Nous avons dans cet article répondu à la question suivante : comment la transdisciplinarité comme posture de recherche s’exprime-t-elle et comment est-il possible de la favoriser? Nos recherches s’inscrivent dans un chantier qui porte sur l’analyse des politiques publiques de l’université au Québec. Notre démarche s’inspire de La Méthode d’Edgar Morin (1977-2004), principalement des quatre principes suivants : la transdisciplinarité, la contextualisation, la dialogique et la systémique. L’espace de sens qui permet de contextualiser notre recherche est constitué de l’enseignement supérieur et des sciences studies. La dynamique de notre recherche est articulée autour de quatre pôles (épistémologique, morphologique, théorique et technique) et chacun de ces pôles nécessite de faire des choix structurants et impose certains défis.

La transdisciplinarité est une posture de recherche riche et féconde. Elle contribue à garder vivante la tradition d’érudition, même si les conditions de son exercice s’avèrent parfois en contradiction avec les normes de l’université actuelle, marquées par l’efficience et l’immédiateté. La transdisciplinarité présente plusieurs défis. Sur le plan de la faisabilité par exemple, elle impose de se familiariser avec un vaste corpus d’écrits de toutes natures, de façon à pouvoir mettre en contexte le savoir produit. Son accueil dans l’espace scientifique n’est pas toujours évident, considérant que l’évaluation par les pairs, régulée par les logiques disciplinaires, n’est pas toujours favorable aux recherches fondées sur cette posture.

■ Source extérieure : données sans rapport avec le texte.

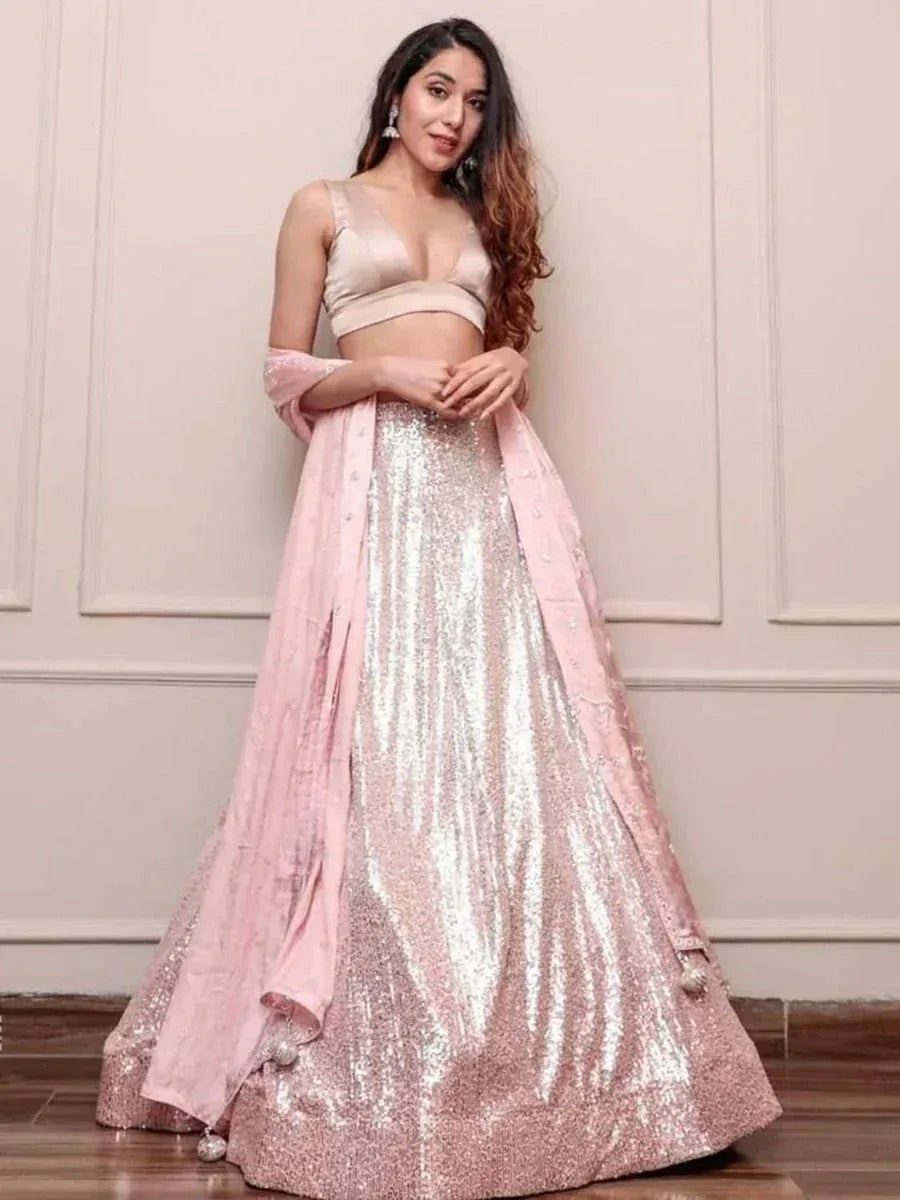 Pink sequin lehenga choli with matching dupatta, perfect for Indian weddings and festive occasions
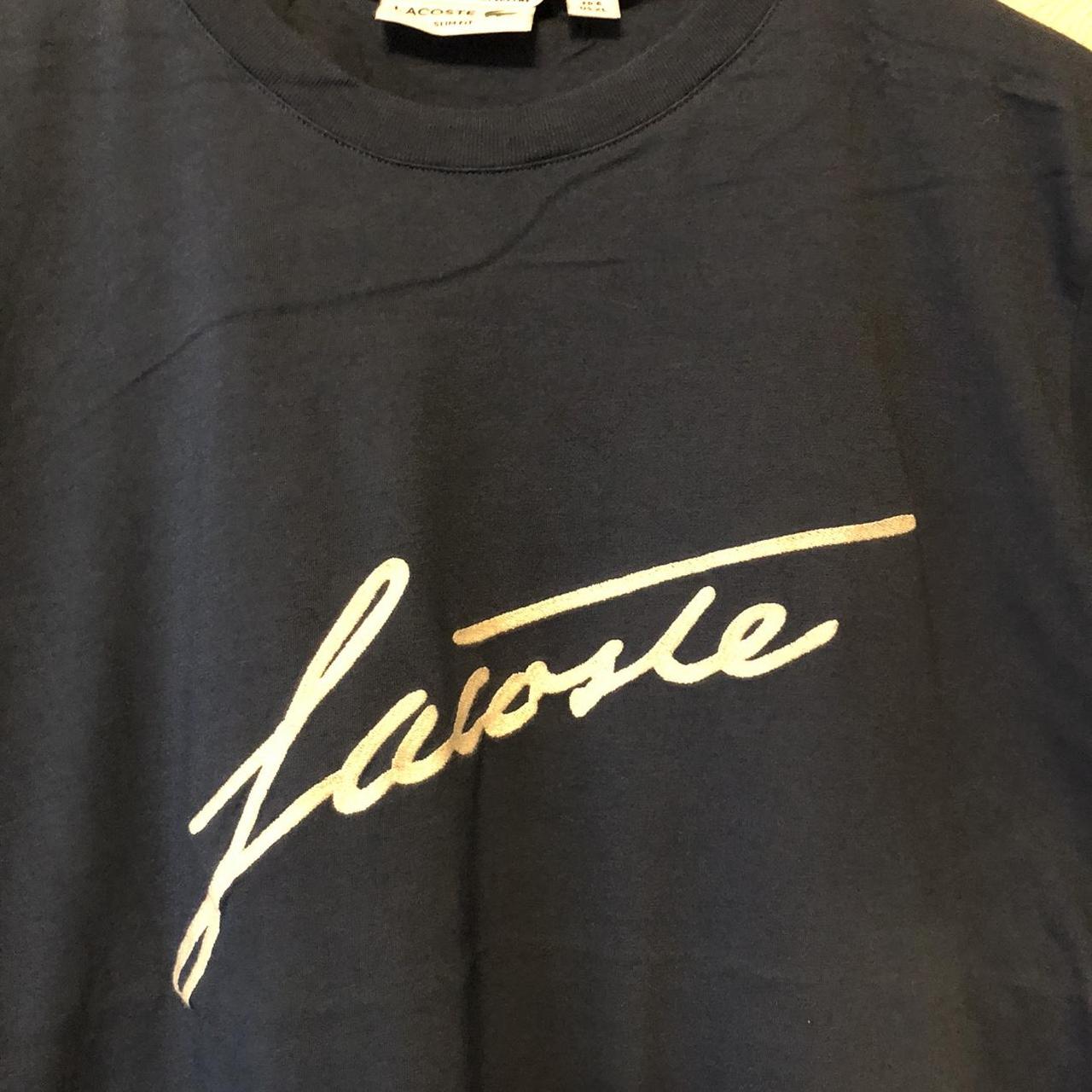Navy Lacoste signature t-shirt, XL/6. Worn once.... - Depop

La transdisciplinarité est une posture de recherche, mais elle est aussi un objet de recherche. Une revue des écrits scientifiques récents sur le sujet met en évidence deux enjeux qui mériteraient d’être plus étudiés. Il y a d’abord celui du défi de la transdisciplinarité (au sens de ce qui est difficile à réaliser) : en rapport avec l’étude de différents objets ou phénomènes particuliers, quels sont les obstacles qui se posent quant à la mobilisation de cette posture? Il y a aussi l’enjeu de l’intégration des savoirs (au sens de regroupement au sein d’une même unité de sens) : la transdisciplinarité peut-elle être enseignée dans le contexte d’un programme de formation universitaire?